The Australian Press Council’s adjudication published yesterday that the Herald Sun’s Serena Williams cartoon wasn’t racist has had many asking: if that doesn’t breach your standards, what does?

The cartoon by Mark Knight depicted Williams throwing a tantrum at the US Open last year, and was soon criticised around the world as echoing Jim Crow-era cartoons of African-Americans. But despite a near-uniform response (excluding News Corp) that the cartoon was offensive and racist, the Press Council ruled yesterday that it did not breach its standards.

It found that the cartoon was in the public interest, commenting on sportsmanship in a “significant dispute”, and that “significant latitude” can be given to cartoons in deciding whether they breach its standards:

The council considers that the cartoon uses exaggeration and absurdity to make its point but accepts the publisher’s claim that it does not depict Ms Williams as an ape, rather showing her as ‘spitting the dummy’, a non-racist caricature familiar to most Australian readers. Nonetheless, the council acknowledges that some readers found the cartoon offensive.

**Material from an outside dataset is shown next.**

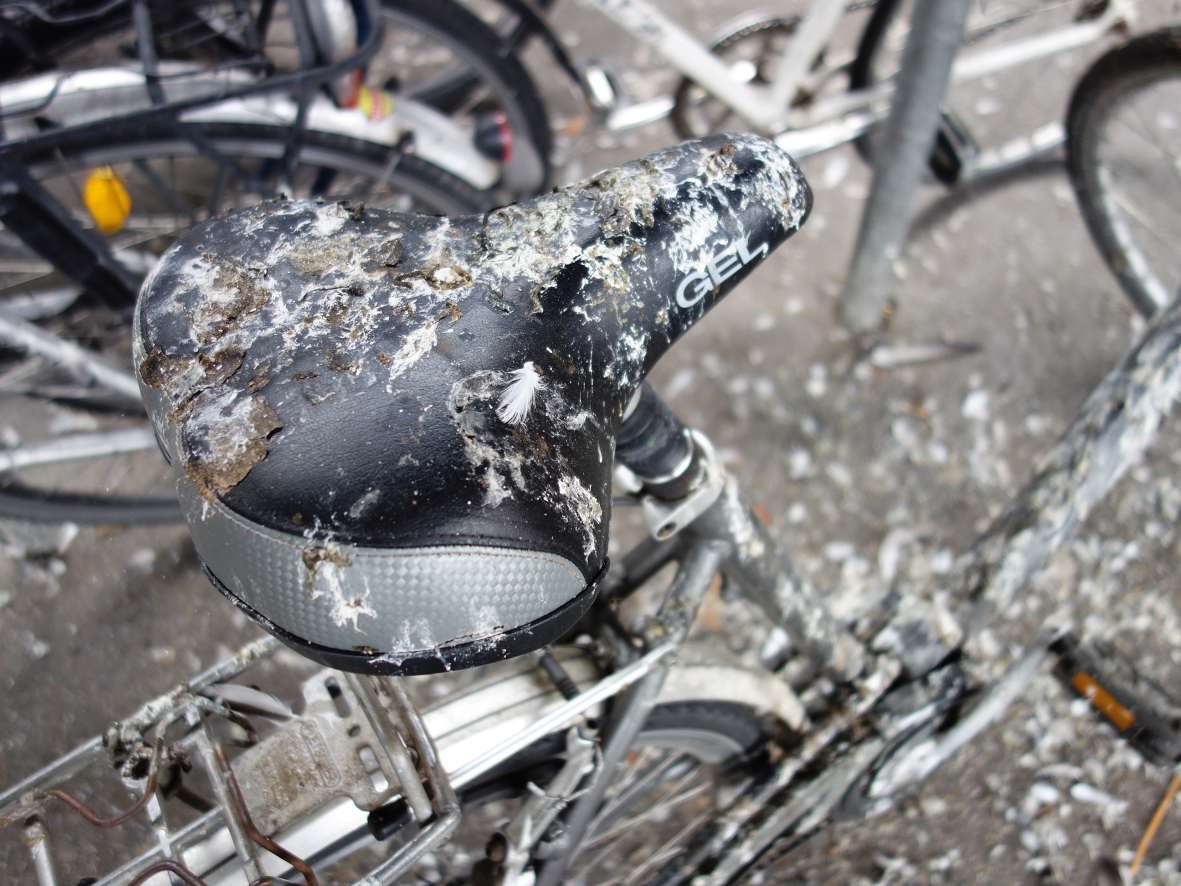 Schäden durch Taubendreck an Fahrrädern am Bahnhof Barmbek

A spokeswoman told Crikey that she could not comment on specific cases, or on what a cartoon would need to look like in order to be found to be contributing materially to substantial offence, distress or prejudice. “The council considers complaints on a case by case basis,” she said in a statement. “As such we are not able to comment on what article or cartoon would be a breach of the council’s standards of practice in relation to race.”

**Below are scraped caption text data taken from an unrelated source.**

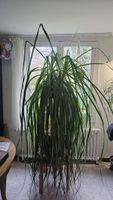 Elefantenfuss Beaucarnea recurvata schöner Zustand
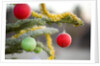 Christmas Ornaments on Tree Covered with Frost by Anonymous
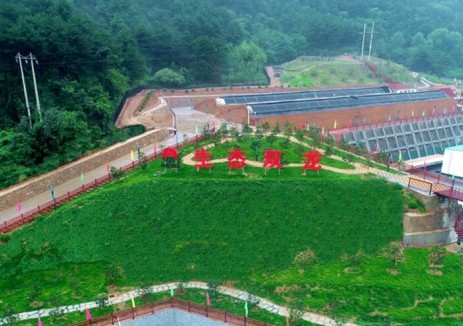 创新破局！陕西煤业探索生态修复新路径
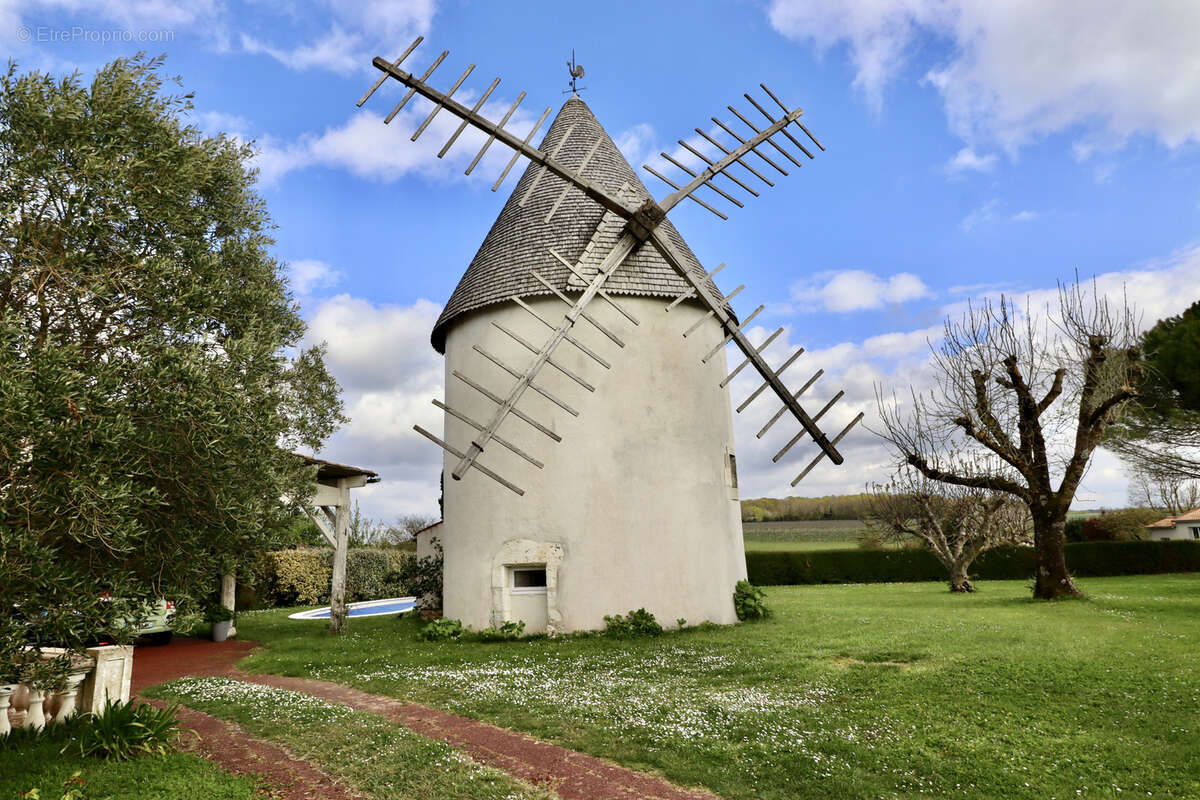 Charentaise + Moulin - photo 14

The News Corp papers have taken to celebrating Knight as their latest victim of political correctness, in the same vein as the late Bill Leak, cartoonist for The Australian. The Herald Sun responded to the furore around the cartoon in a cover attacking censorship with the headline “Welcome to PC World”. Knight’s story also made the cover of an edition of Weekend Australian Magazine in January.

In 2016, a cartoon by Leak depicting an Indigenous father and son was the subject of more than 700 complaints to the Press Council, which decided not to adjudicate at all on the cartoon after The Australian published two opinion pieces about it. At the time, then-council chair David Weisbrot published a statement explaining the decision.

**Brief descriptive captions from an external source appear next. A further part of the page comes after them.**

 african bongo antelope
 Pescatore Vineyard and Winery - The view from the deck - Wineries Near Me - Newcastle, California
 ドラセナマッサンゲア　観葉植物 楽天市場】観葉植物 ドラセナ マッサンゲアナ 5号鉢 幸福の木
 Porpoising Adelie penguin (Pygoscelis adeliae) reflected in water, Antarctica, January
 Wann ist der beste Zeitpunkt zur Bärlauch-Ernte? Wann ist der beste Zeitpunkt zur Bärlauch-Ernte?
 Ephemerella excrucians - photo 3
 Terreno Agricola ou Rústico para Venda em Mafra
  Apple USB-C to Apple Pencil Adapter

“Balancing all of these considerations, and after consulting with key complainants, the Press Council considers that the best outcome in the public interest is to promote free speech and the contest of ideas through the publication of two major op-ed pieces in The Australian, providing Indigenous perspectives on the cartoon and shedding light on the underlying issues,” Weisbrot said.

The Press Council had to go back to 2014 to find a cartoon concerning race that had been found in breach of its principles. A Glen le Lievre cartoon published in The Sydney Morning Herald, depicted a stereotypically Jewish man sitting in a chair with the Star of David on it and pointing a TV remote at an explosion in what was apparently Gaza. It sat alongside an opinion piece about the conflict in Gaza. The Press Council found that while there was a public interest in the story and cartoon, and the Israeli link to the story, there was undue emphasis on the Jewish faith:

A linkage with Israeli nationality might have been justifiable in the public interest, despite being likely to cause offence. But the same cannot be said of the implied linkage with the Jewish faith that arose from inclusion of the kippah and the Star of David.

In 2015, a cartoon (again by Leak) in The Australian that depicted destitute Indian people reacting to the UN Climate Change Conference was cleared, again, as a “an example of drawing on exaggeration and absurdity to make its point”.